Yesterday gave us the news that Jeff Bezos, the founder and CEO of Amazon.com (NASDAQ:AMZN), will buy The Washington Post for $250 million. Media outlets all over the country went crazy with the story.
A lot has been said already of what this acquisition may mean and what Bezos' angle is. I don't know the man, but having followed Amazon.com for a number of years, and being an Amazon shareholder, I've learned a little bit about him and the way he tends to look at things. Bright and early this morning, I had the good fortune to speak with the folks at Washington, D.C.'s WTOP 103.5 FM a bit more about the announcement and what it may mean for both Bezos and The Washington Post. You can click here to listen.

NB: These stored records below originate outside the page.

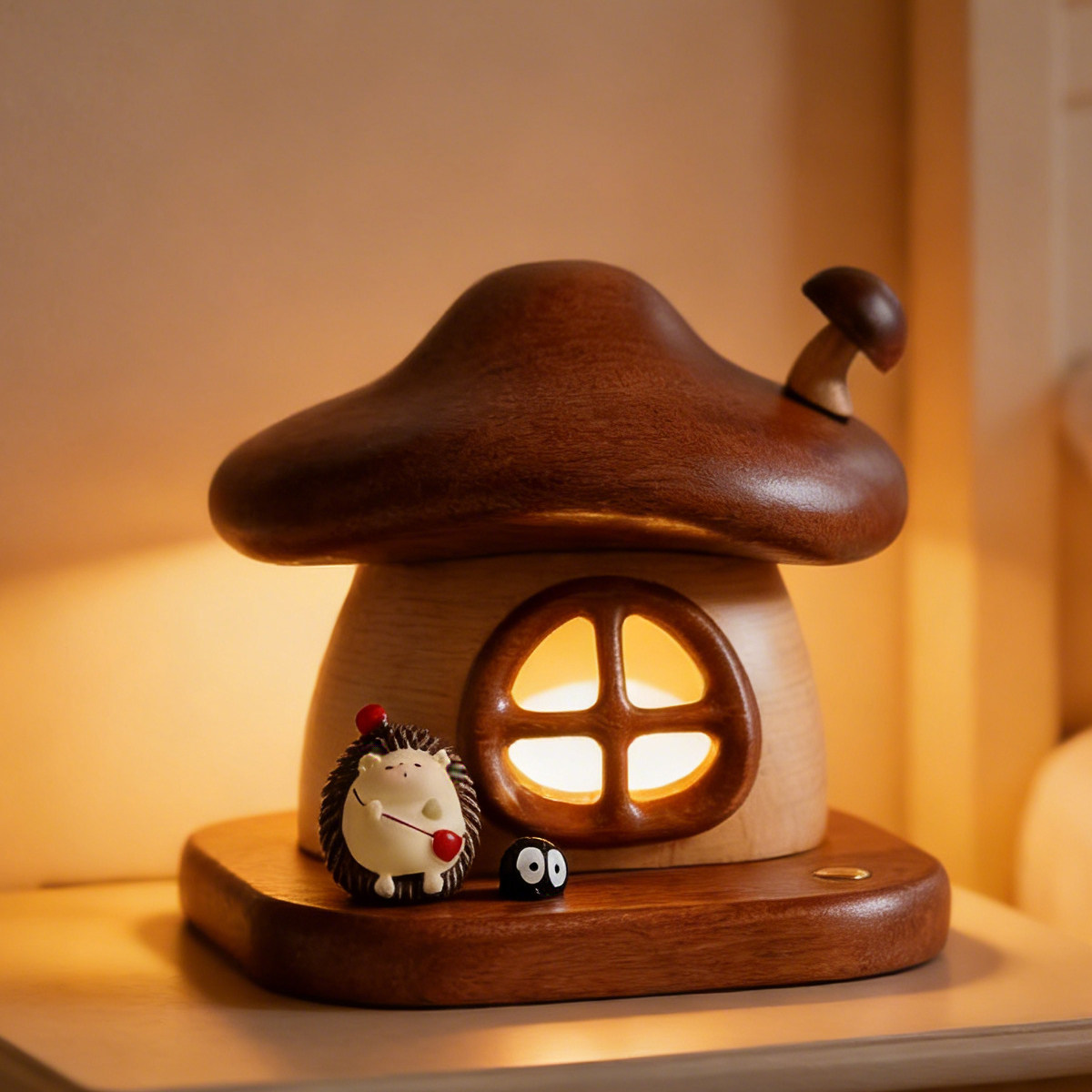 蘑菇屋小夜灯摆件家用充电LED床头氛围灯儿童房装饰书房实木蘑菇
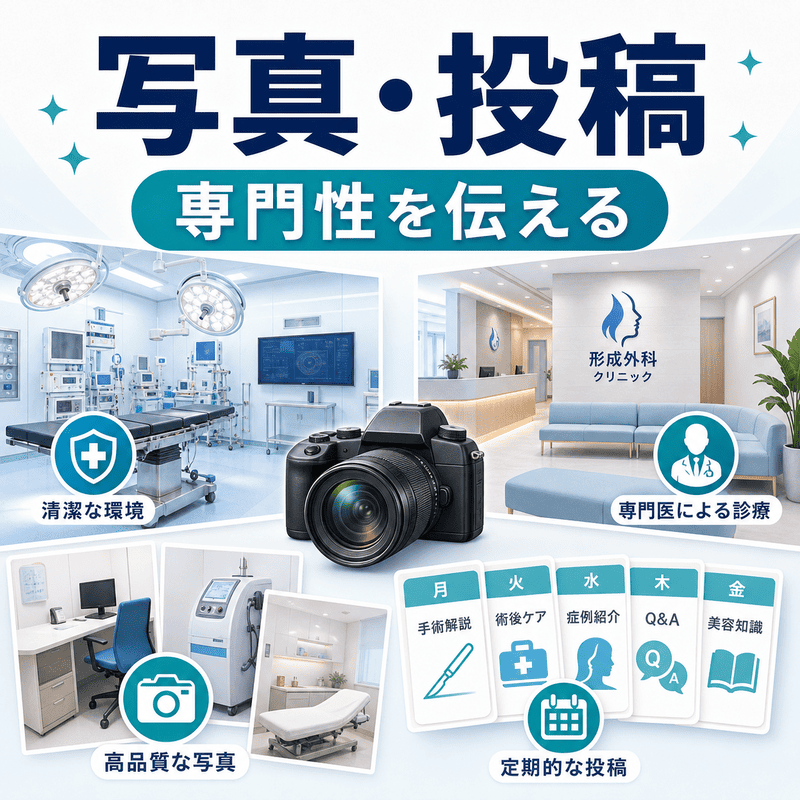 形成外科クリニックの手術室や院内写真、投稿機能で専門性を伝えるイメージ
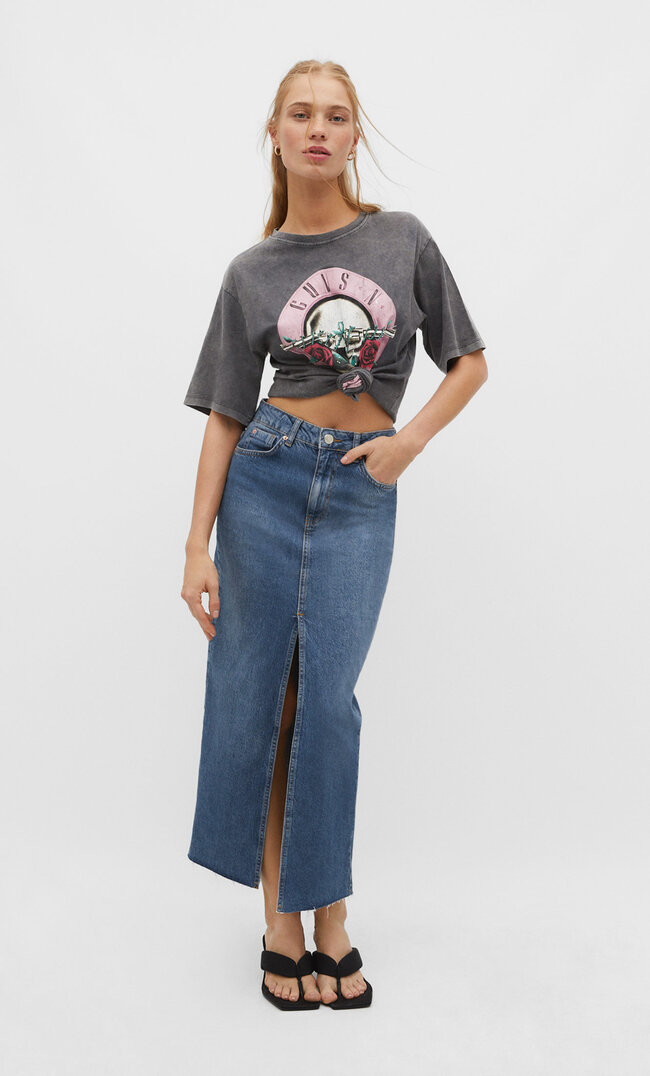 

Stradivarius T-Shirt mit Guns N' Roses-Print Graumeliert S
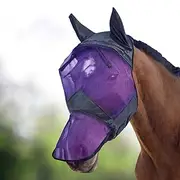 Harrison Howard CareMaster Fly Mask Full Face Black/Purple Retro (L; Full)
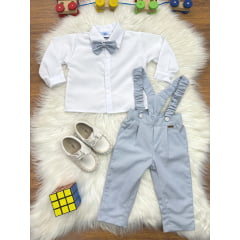 Conjunto Social Bebê Camisa Branca Calça Susp. e Gravata Azul
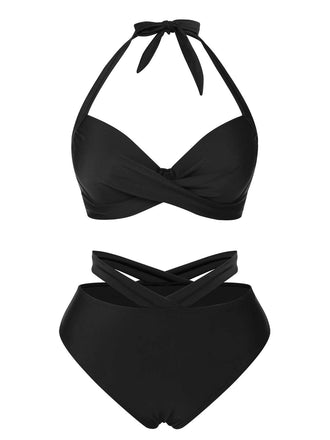 She's wearing 1960s Halter Solid Swimsuit and the whole beach remembers the 1960s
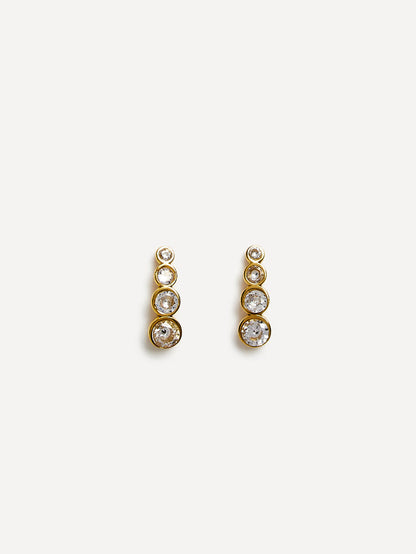 Dazzle Gold Crystal Drop Earrings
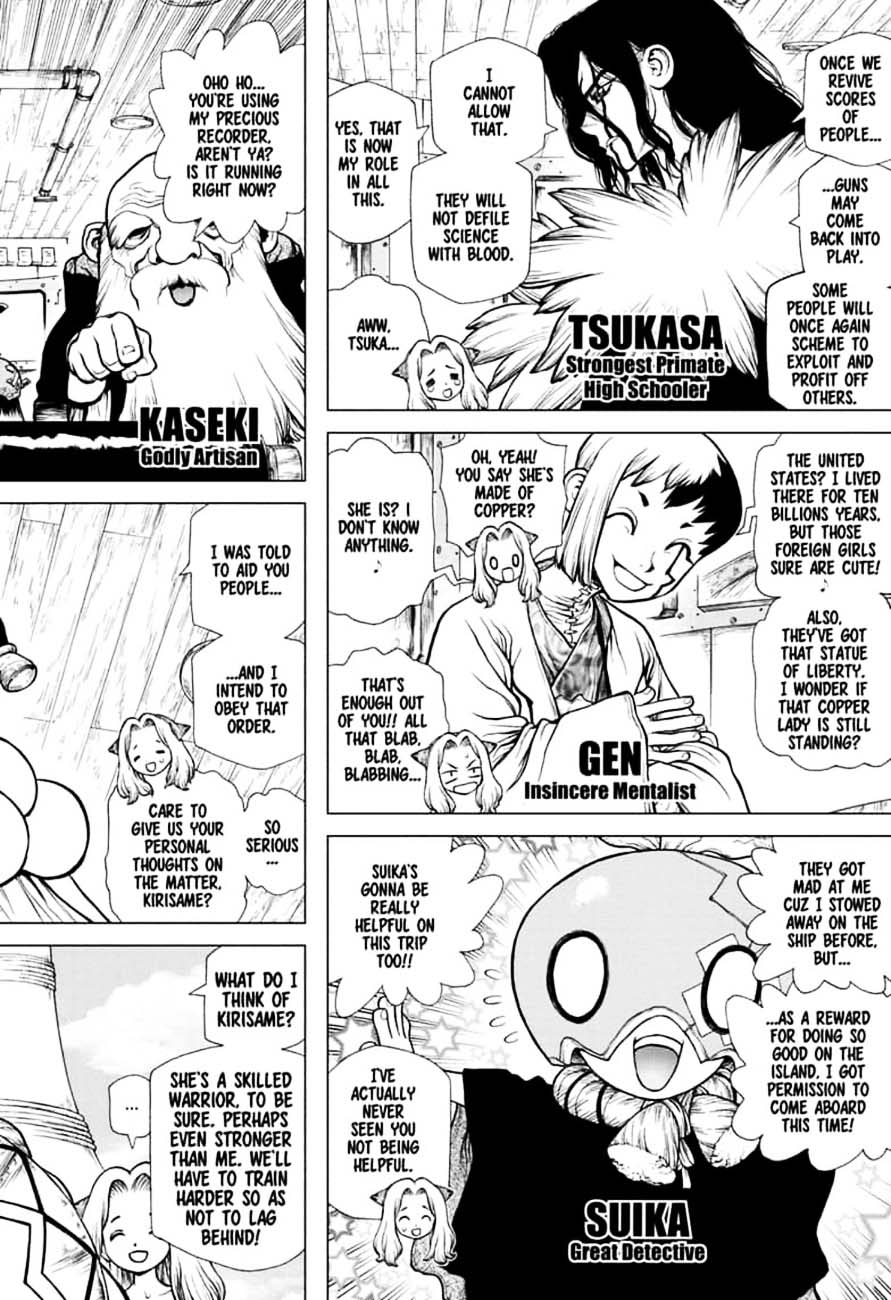 Dr. Stone Manga Chapter 143 page 2 - Ryusui vs. Senku scene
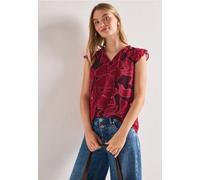 Blusentop aus Chiffon mit Split Neck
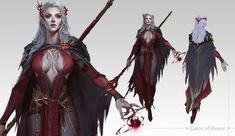 the concept art for an upcoming game of thrones character is shown in red and white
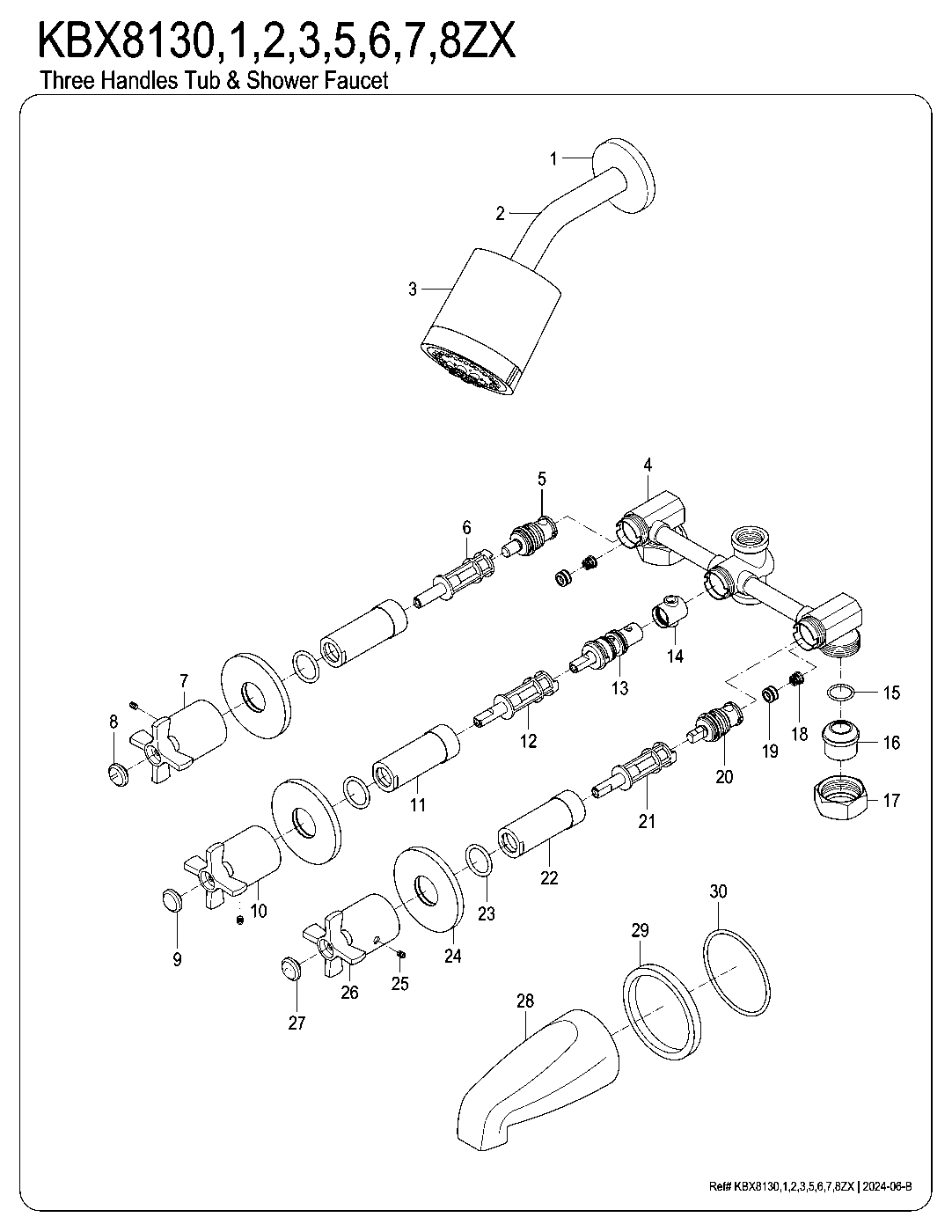Millennium KBX8130ZX exploded parts diagram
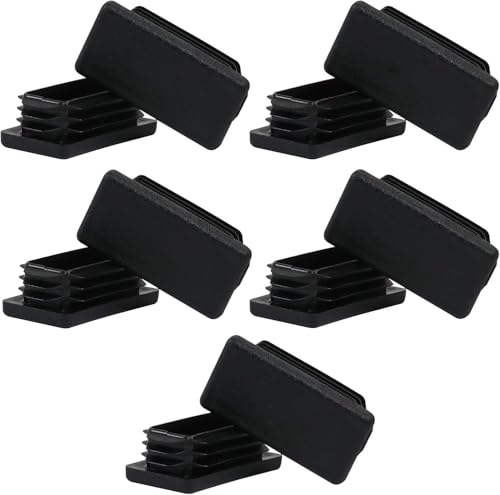 2 Inch Square Tube End Caps - Plastic Fence Post & Pipe Plugs, Black (12 Pack)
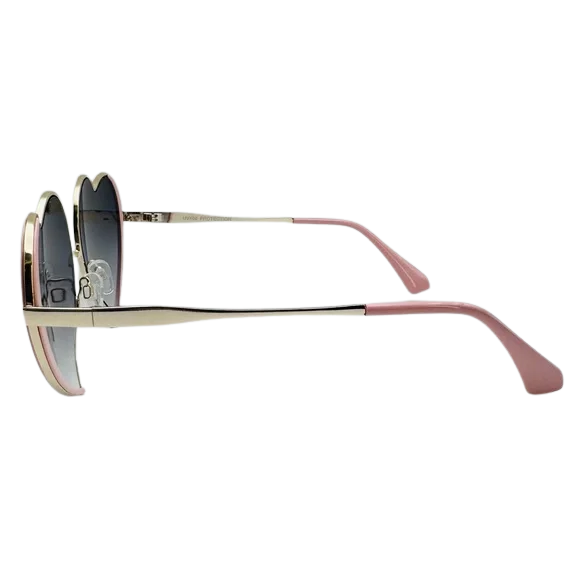 Sunglasses with gold frame and pink arms on a white background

To say Bezos is a forward-thinker is an understatement. The man is more committed to the long term than most people I've ever seen. He says it time and again in his annual letters to shareholders, and I'll close with a telling passage from his most recent installment (emphasis mine):
Our heavy investments in Prime, AWS, Kindle, digital media, and customer experience in general strike some as too generous, shareholder indifferent, or even at odds with being a for-profit company. "Amazon, as far as I can tell, is a charitable organization being run by elements of the investment community for the benefit of consumers," writes one outside observer. But I don't think so. To me, trying to dole out improvements in a just-in-time fashion would be too clever by half. It would be risky in a world as fast-moving as the one we all live in. More fundamentally, I think long-term thinking squares the circle. Proactively delighting customers earns trust, which earns more business from those customers, even in new business arenas. Take a long-term view, and the interests of customers and shareholders align.